| EDITORIAL |
POLÍTICA Celio
Gimenez recebe ameaça depois de entrar com duas representações
contra prefeito Adilson Mira
O presidente da Comissão Provisória
do PT de Santa Cruz, Celio Valdemir Gimenez, diz que recebeu uma
ameaça pelo telefone na última quarta-feira. Uma
voz masculina não identificada ligou para o estabelecimento
comercial onde Gimenez trabalha. Essa pessoa teria dito para o
dirigente petista cessar o movimento que estava fazendo
em relação as ações contra a administração
municipal. Além disso, pediu para parar com as perseguições,
porque ele sofreria as conseqüências dos fatos.
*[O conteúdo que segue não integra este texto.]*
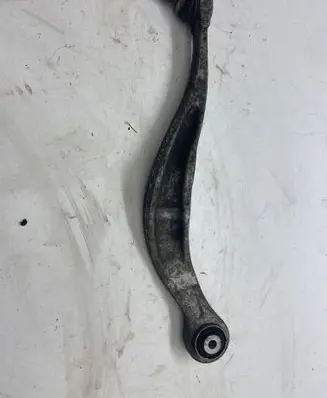 BMW 5 F10 F11 Rear upper control arm/wishbone EN6082T6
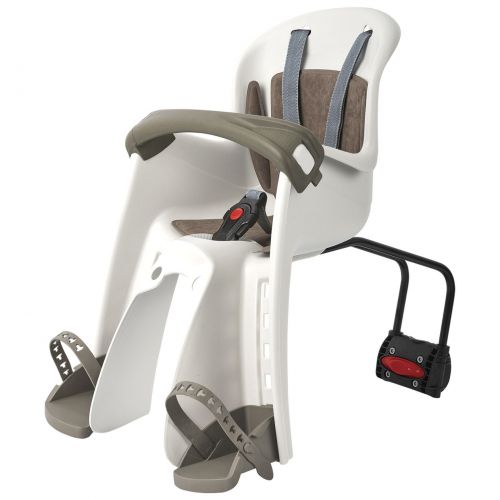 POLISPORT Bilby Junior RF (Bēša) |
A suposta ameaça ocorre duas semanas depois do dirigente
petista denunciar no Ministério Público irregularidades
administrativas no governo Adilson Mira (PSDB). Uma delas acusa
o prefeito pela instalação de placa com promoção
pessoal e de irregularidades na licitação para aquisição
de três computadores.
O petista registrou boletim de ocorrência no 1º Distrito
Policial e informou o promotor de Justiça Silvio da Silva
Brandini da ameaça. Gimenez também pediu orientação
ao Diretório Estadual do PT em face dos últimos
episódios envolvendo agressões e até morte
de lideranças do partido.
O presidente do PT acredita que a ameaça está relacionada
à sua atuação política, mas ele evitou
responsabilizar o prefeito. Não posso dizer que esteja
partindo do pessoal ligado ao prefeito [Adilson Mira], mas não
vou permitir que bandidos venham ameaçar a minha vida e
a da minha família.
O delegado Renato Mardegan pediu ao líder do PT para mudar
a rotina. Gimenez vai solicitar à Telefônica todas
as ligações recebidas na terça-feira na tentativa
de descobrir de onde partiu a ligação que teria
sido entre 10h30 e 11h30.
Outro fato que intriga o dirigente é atitude do prefeito
de ter chamado no gabinete o secretário do PT Benedito
Batista Ribeiro, do Sindicato dos Calçadistas.
Nesse encontro o prefeito criticou a minha postura e tentou
aliciar o secretário. O prefeito faltou com a verdade ao
dizer que o PT participava de um movimento para cassar o mandato
do prefeito. Se o prefeito tiver que ser cassado, será
um processo natural devido à má administração,
declarou.
Mira teria afirmado a Benedito, segundo o dirigente petista, que
há um grupo formado pelo médico Otacilio Parras,
Pedro Milton Pegorer, Clóvis Guimarães, entre outros,
para derrubar o prefeito. Com exceção do Dr.
Otacilio, só conheço as outras pessoas por nomes.
Gimenez disse que a relação com Otacilio Paras é
de médico e paciente.
A reportagem tentou ouvir o prefeito Adilson Mira (PSDB) na tarde
de sexta-feira. O jornal procurou-o por 4 vezes. Na primeira vez
conversou com o chefe de gabinete, Marcos Chiappa. Ele disse que
o prefeito estava ocupado e depois daria retorno.
Numa nova tentativa às 16h30, Chiappa alegou estar ocupado.
O assessor de imprensa Luiz Alberto de Mello retornou a ligação
às 17h, mas informou que o prefeito estava em reunião.
Depois de novos contatos, Mello se comprometeu a dar retorno,
mas não ligou mais até o fechamento da edição.